## Required action
Each line of the listing, apart from the pictures, is to be printed exactly.

## Dataset content
• • • • •

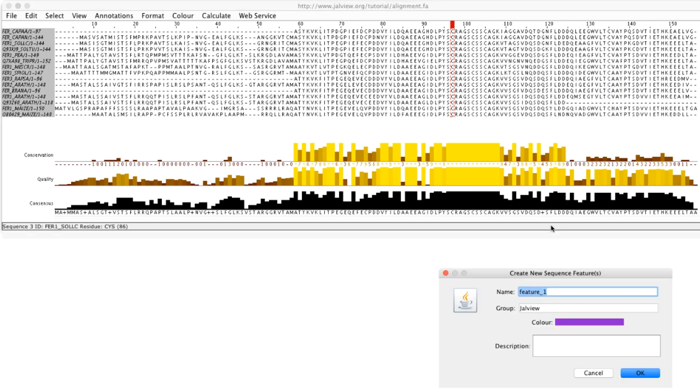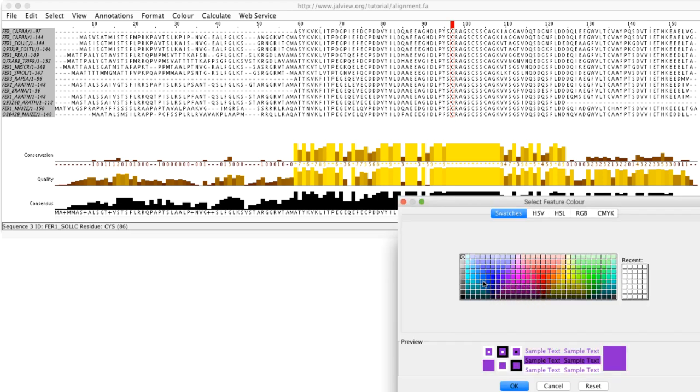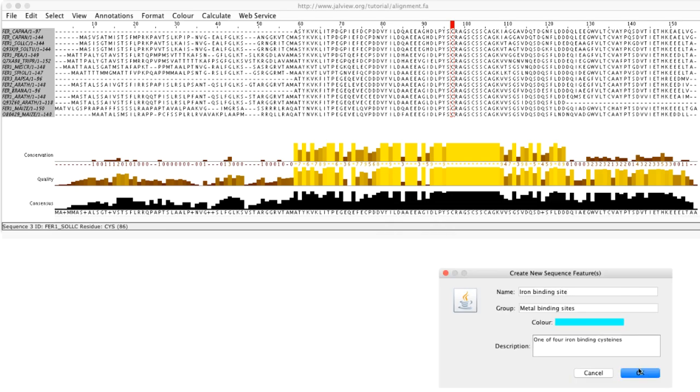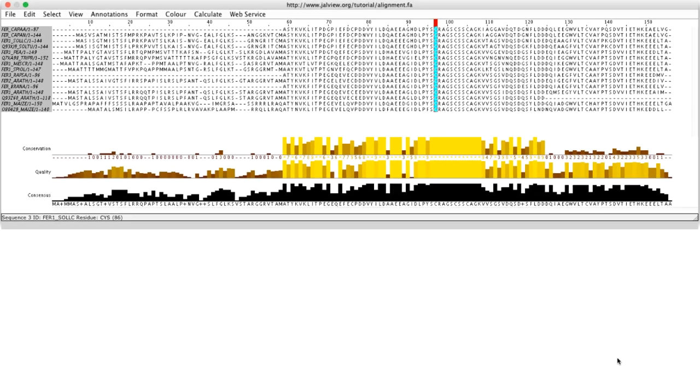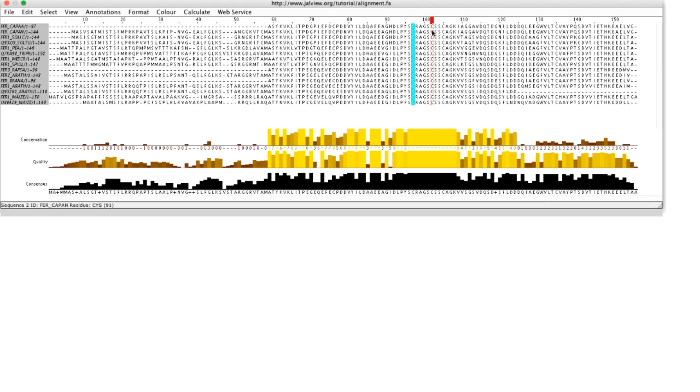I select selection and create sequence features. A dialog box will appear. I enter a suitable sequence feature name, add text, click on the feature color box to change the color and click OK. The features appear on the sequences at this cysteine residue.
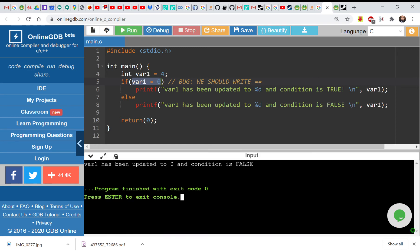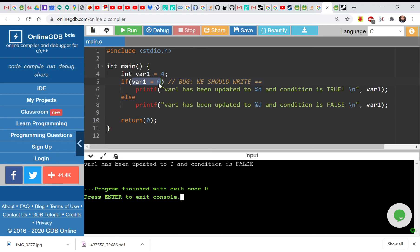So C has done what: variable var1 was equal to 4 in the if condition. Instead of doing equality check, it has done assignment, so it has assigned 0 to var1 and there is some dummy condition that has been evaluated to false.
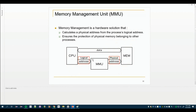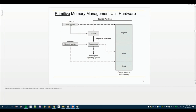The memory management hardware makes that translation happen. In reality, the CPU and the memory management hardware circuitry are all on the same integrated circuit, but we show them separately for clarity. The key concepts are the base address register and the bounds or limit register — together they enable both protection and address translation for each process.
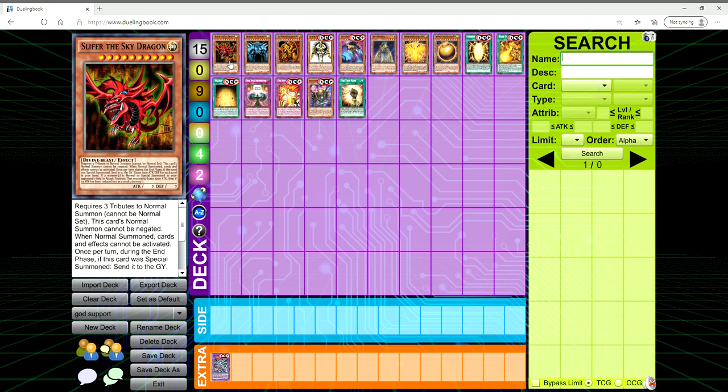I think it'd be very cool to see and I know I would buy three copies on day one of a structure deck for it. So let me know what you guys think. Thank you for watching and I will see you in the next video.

• • • • •

## Final answer
I select selection and create sequence features. A dialog box will appear. I enter a suitable sequence feature name, add text, click on the feature color box to change the color and click OK. The features appear on the sequences at this cysteine residue.
So C has done what: variable var1 was equal to 4 in the if condition. Instead of doing equality check, it has done assignment, so it has assigned 0 to var1 and there is some dummy condition that has been evaluated to false.
The memory management hardware makes that translation happen. In reality, the CPU and the memory management hardware circuitry are all on the same integrated circuit, but we show them separately for clarity. The key concepts are the base address register and the bounds or limit register — together they enable both protection and address translation for each process.
I think it'd be very cool to see and I know I would buy three copies on day one of a structure deck for it. So let me know what you guys think. Thank you for watching and I will see you in the next video.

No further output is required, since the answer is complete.